--- EXERCISE INPUTS Enclosed Below ---

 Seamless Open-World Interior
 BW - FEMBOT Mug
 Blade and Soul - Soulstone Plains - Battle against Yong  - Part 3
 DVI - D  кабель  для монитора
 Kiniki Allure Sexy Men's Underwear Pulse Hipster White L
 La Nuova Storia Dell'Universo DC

--- End of Enclosed EXERCISE INPUTS ---
--- EXERCISE INPUTS Enclosed Below ---

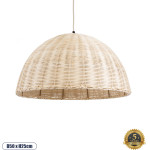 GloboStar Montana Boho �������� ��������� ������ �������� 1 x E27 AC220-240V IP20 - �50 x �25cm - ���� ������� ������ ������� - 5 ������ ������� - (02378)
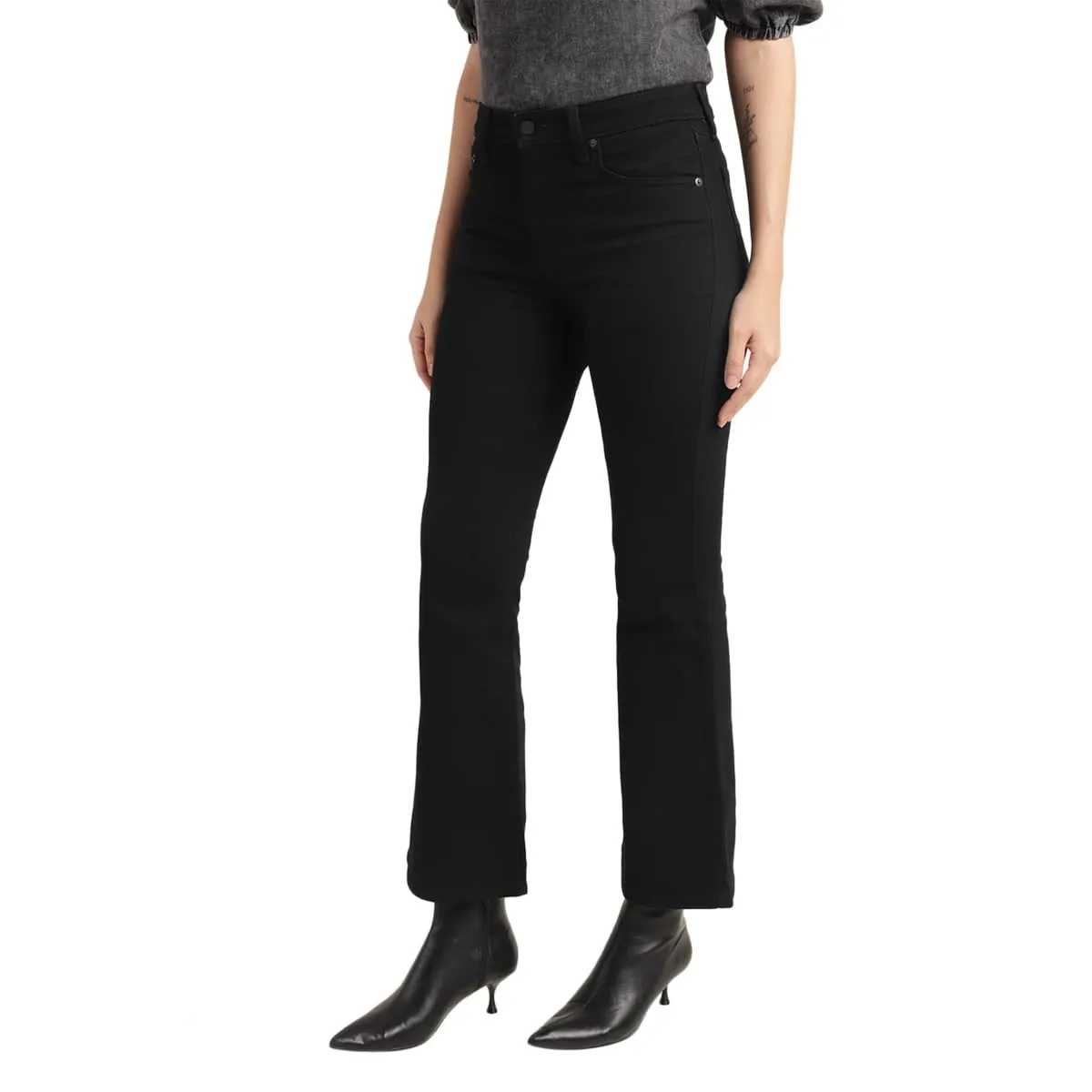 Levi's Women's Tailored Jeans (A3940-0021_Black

--- End of Enclosed EXERCISE INPUTS ---

▶ **TASK INSTRUCTIONS**
All that is wanted is an exact copy of the lines above from the one with "BW - FEMBOT Mug" through the one with "La Nuova Storia Dell'Universo DC", with both ends included.

▶ **RESPONSE BELOW**
 BW - FEMBOT Mug
 Blade and Soul - Soulstone Plains - Battle against Yong  - Part 3
 DVI - D  кабель  для монитора
 Kiniki Allure Sexy Men's Underwear Pulse Hipster White L
 La Nuova Storia Dell'Universo DC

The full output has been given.